No quiso que le devolvieran el dinero

La víspera del pasado día de San Juan, Fernando Hernández vivió la última de sus particulares batallas contra los posibles engaños en el juego. Fueron tres horas de titánico enfrentamiento, que asombraron a todos los que estaban en el bar de la avenida de Rafaela Ibarra. Pero cuando el número de billetes que desembolsaba el empeñado cartero empezó a alarmarle, el camarero del bar comprendió que el experimento estaban yendo muy lejos y llamó al mecánico responsable del aparato. "El mecánico me dijo que la máquina estaba bien, que devolvía en premios el 80% de la recaudación y que lo que pasaba era que yo estaba teniendo mala suerte". No le convencieron las explicaciones a Hernández y, ni corto ni perezoso, anunció que iba a denunciar a la policía el hecho de que no hubiera obtenido ningún premio de 500 pesetas después de 680 jugadas."Mientras llegaba la policía, el camarero y el mecánico, que estuvieron muy correctos, me dijeron que me veían muy abatido por haber perdido tanto dinero y me ofrecieron 2.500 pesetas si olvidaba el asunto y me iba a casa. No las quise tomar". Al poco, llegó un coche zeta de la Policía Nacional, cuyos ocupantes escucharon lo ocurrido, anotaron los datos del aparato y se llevaron a Hernández a la comisaría de Usera para que formalizara su denuncia. Aquello tampoco convenció al jugador. "Es que no precintaron la tragaperras para que la brigada del juego confirmara o desmintiera que estaba trucada, y, claro, luego cualquiera puede haberla arreglado", dice Hernández.

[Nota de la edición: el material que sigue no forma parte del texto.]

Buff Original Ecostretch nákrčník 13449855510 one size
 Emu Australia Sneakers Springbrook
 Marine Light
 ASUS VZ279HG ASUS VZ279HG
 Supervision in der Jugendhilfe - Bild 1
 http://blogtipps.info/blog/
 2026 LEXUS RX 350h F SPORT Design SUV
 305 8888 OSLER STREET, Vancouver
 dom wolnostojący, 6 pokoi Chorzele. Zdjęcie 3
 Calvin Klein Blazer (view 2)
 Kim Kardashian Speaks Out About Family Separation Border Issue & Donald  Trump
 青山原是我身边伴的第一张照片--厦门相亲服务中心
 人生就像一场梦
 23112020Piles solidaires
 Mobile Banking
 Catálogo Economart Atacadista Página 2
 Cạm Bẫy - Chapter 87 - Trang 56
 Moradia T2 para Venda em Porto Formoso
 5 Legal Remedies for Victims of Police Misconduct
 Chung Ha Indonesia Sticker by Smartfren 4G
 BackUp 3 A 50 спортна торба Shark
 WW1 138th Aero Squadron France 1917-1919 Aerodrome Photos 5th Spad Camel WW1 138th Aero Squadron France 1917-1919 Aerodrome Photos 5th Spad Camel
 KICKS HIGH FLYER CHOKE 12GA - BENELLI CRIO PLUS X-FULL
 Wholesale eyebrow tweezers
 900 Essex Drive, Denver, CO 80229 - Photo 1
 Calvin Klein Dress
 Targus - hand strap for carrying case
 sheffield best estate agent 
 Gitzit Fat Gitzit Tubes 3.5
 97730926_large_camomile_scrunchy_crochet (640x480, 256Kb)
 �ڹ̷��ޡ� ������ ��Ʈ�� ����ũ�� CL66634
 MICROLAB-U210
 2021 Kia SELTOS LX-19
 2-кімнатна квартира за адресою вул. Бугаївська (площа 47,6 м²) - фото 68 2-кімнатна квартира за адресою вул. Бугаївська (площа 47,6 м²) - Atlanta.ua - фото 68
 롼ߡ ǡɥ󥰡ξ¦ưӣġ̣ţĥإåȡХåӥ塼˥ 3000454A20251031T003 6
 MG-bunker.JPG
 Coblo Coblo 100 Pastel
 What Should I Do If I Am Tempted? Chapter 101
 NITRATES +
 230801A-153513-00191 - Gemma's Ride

"En la comisaría me volvieron a preguntar si retiraría la denuncia en caso de que me devolvieran todo el dinero, y les dije que no, que si me devolvían mis 17.000 pesetas, yo se las daba a cualquier sitio benéfico y seguía adelante para demostrar que aquella máquina no estaba bien". A las seis de la tarde, cinco horas después de haber en entrado en aquel bar de Usera que no conocía de antemano, el cartero regresava a su casa del barrio de La Elipa, con la satisfacción de que ha probado la absoluta perfidia de un poderodo rival.